Letters to the Editor Policy

We Salute You

Blue Ridge School District celebrates Board Appreciation Month. Thank you to our Board of Directors. Your willingness and resolve to solve complex educational and social issues and carry out initiatives and directives from both federal and state governments, to face the demands of governing our public schools and to spend countless hours of personal time are greatly appreciated.

You provide the framework for our Blue Ridge schools to excel.

Your dedicated service enables us to have local control of the public schools, meaning that decisions on school programs are made by local, elected representatives who understand the community’s unique challenges, values, culture and circumstances.
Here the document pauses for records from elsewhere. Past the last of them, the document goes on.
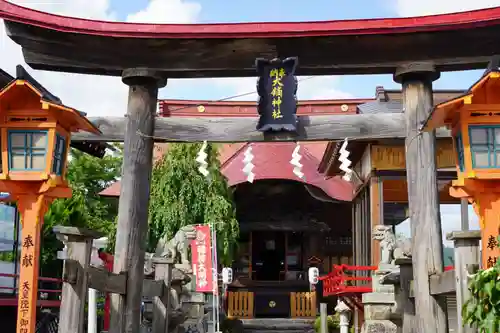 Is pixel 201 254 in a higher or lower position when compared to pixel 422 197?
lower

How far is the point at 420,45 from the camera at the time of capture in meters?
8.42

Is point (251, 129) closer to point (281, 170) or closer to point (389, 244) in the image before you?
point (389, 244)

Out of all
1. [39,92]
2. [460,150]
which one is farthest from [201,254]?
[460,150]

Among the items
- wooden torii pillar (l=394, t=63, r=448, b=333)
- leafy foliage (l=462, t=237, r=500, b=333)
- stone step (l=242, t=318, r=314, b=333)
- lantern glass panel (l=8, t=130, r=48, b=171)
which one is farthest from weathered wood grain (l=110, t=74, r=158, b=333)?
stone step (l=242, t=318, r=314, b=333)

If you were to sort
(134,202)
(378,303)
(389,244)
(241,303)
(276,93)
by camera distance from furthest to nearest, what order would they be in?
(241,303) < (389,244) < (378,303) < (276,93) < (134,202)

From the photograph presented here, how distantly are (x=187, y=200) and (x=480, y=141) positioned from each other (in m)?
13.3

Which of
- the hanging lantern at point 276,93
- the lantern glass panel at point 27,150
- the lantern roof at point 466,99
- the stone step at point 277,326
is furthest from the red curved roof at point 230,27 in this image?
the stone step at point 277,326

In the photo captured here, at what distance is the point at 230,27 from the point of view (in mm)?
8344

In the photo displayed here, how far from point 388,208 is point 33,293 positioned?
17425 mm

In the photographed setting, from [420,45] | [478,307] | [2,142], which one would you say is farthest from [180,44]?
[478,307]

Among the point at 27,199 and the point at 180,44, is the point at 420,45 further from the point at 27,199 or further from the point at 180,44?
the point at 27,199

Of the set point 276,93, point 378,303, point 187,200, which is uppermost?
point 276,93

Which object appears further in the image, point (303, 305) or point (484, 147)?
point (303, 305)

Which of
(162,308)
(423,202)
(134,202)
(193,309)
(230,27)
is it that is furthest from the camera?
(193,309) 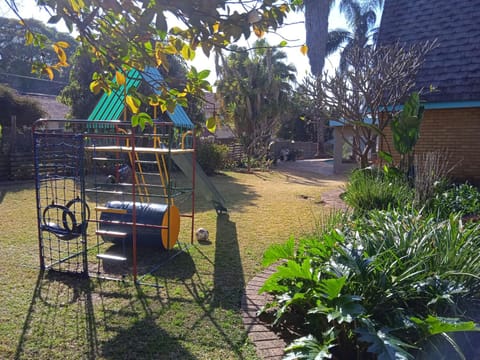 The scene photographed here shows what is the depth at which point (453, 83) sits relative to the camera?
31.7 ft

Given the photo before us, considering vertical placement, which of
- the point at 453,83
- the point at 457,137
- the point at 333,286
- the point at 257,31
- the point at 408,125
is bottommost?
the point at 333,286

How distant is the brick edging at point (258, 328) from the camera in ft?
10.4

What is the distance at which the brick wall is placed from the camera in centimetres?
969

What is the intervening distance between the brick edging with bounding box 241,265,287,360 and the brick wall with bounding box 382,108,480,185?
752 centimetres

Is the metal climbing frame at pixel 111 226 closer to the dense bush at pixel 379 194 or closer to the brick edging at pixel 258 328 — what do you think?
the brick edging at pixel 258 328

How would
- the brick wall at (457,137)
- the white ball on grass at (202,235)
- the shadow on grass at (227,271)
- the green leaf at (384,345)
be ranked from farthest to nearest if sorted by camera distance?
the brick wall at (457,137) < the white ball on grass at (202,235) < the shadow on grass at (227,271) < the green leaf at (384,345)

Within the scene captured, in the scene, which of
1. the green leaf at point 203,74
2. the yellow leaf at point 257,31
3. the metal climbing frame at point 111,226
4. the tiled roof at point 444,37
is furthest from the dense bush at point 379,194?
the green leaf at point 203,74

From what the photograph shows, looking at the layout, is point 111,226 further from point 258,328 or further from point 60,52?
point 60,52

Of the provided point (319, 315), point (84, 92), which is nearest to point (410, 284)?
point (319, 315)

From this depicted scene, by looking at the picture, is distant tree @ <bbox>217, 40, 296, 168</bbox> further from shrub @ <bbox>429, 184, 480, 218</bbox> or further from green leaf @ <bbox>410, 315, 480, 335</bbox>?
green leaf @ <bbox>410, 315, 480, 335</bbox>

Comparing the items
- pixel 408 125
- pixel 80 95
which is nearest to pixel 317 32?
pixel 80 95

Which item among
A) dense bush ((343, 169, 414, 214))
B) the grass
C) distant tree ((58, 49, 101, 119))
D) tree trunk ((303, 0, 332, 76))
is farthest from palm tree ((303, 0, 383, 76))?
the grass

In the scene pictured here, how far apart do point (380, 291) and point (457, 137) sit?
27.2 feet

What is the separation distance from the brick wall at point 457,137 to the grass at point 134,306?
17.1 ft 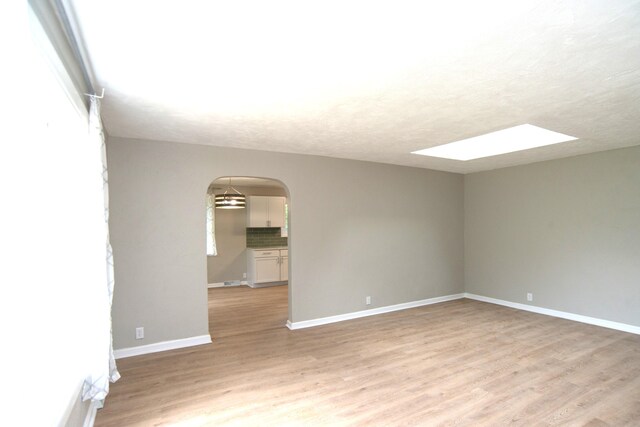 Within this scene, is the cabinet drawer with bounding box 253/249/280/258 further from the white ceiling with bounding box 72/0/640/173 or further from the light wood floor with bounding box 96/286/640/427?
the white ceiling with bounding box 72/0/640/173

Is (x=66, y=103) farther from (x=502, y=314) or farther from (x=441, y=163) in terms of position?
(x=502, y=314)

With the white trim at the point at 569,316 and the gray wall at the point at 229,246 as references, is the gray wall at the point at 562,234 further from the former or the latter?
the gray wall at the point at 229,246

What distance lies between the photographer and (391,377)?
126 inches

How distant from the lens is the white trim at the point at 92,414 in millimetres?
2370

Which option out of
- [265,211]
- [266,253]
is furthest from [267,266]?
[265,211]

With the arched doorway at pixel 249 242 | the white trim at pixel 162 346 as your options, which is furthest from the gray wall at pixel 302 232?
the arched doorway at pixel 249 242

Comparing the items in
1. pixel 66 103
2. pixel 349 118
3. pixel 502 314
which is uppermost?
pixel 349 118

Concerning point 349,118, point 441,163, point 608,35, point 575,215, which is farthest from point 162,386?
point 575,215

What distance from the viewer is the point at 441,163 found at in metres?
5.50

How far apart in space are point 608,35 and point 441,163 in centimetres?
379

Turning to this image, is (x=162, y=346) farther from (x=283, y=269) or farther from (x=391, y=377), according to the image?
(x=283, y=269)

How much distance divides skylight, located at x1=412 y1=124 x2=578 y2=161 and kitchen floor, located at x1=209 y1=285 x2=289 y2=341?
3383 millimetres

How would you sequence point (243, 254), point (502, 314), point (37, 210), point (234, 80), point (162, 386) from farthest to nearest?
Answer: 1. point (243, 254)
2. point (502, 314)
3. point (162, 386)
4. point (234, 80)
5. point (37, 210)

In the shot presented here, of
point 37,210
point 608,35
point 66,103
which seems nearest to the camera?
point 37,210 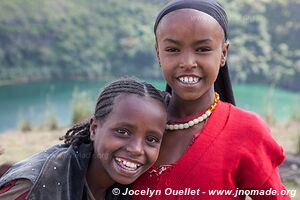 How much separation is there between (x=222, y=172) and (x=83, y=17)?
27.0 metres

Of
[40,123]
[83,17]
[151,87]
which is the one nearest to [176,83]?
[151,87]

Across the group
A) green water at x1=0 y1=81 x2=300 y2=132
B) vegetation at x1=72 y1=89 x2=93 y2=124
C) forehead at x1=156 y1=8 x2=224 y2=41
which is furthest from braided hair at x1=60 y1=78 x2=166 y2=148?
green water at x1=0 y1=81 x2=300 y2=132

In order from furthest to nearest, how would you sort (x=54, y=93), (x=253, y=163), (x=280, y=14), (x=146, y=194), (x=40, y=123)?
(x=280, y=14) → (x=54, y=93) → (x=40, y=123) → (x=146, y=194) → (x=253, y=163)

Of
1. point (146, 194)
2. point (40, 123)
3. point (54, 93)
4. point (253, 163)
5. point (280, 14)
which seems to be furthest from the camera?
point (280, 14)

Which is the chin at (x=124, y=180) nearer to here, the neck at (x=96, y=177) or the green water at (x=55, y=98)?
the neck at (x=96, y=177)

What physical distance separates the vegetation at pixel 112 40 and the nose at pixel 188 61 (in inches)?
652

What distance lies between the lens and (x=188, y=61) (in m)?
1.54

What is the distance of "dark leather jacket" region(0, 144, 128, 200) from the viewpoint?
1.53 meters

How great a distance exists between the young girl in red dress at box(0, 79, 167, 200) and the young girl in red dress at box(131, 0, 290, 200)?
0.09 metres

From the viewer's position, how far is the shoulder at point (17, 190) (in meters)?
1.52

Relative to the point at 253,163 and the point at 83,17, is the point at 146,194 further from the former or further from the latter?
the point at 83,17

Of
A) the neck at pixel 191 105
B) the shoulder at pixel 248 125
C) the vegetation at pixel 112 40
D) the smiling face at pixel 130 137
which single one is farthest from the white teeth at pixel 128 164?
the vegetation at pixel 112 40

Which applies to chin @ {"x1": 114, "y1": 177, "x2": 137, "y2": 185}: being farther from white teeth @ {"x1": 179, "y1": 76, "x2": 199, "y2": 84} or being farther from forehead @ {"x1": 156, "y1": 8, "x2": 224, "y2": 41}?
forehead @ {"x1": 156, "y1": 8, "x2": 224, "y2": 41}

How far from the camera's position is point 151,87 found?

Your leadership has a bearing on virtually every aspect of our schools. Your actions directly affect our children – what they learn, who will teach them, and what kinds of facilities house their classrooms.

This year marks a special milestone, as we remember the 175th anniversary of the signing of the Free Schools Act in 1834. This pivotal piece of legislation firmly established public education in Pennsylvania, and ensured that decisions about schools would be made locally by elected members of the community.

This January, communities are encouraged to honor the contributions of their local school board members. Too often we neglect to recognize the commitment and hard work of these men and women who serve as advocates for our schools. The staff and students of Blue Ridge ask all members of the community to take a moment and tell a school board member, “Thanks for caring about our children.”

So let’s all salute the dedicated men and women who make it possible for local citizens to have a say about education in our community. We applaud our board members for their vision and voice to help shape a better tomorrow.


Chris Dyer


Blue Ridge Schools

More Than The Economy

In these times of plunging milk prices, it must be remembered that traders on the Chicago Mercantile Exchange (CME) who are driving down milk prices to dairy farmers nationwide are real people, with real names and real motivations. There is more involved here than just the economy.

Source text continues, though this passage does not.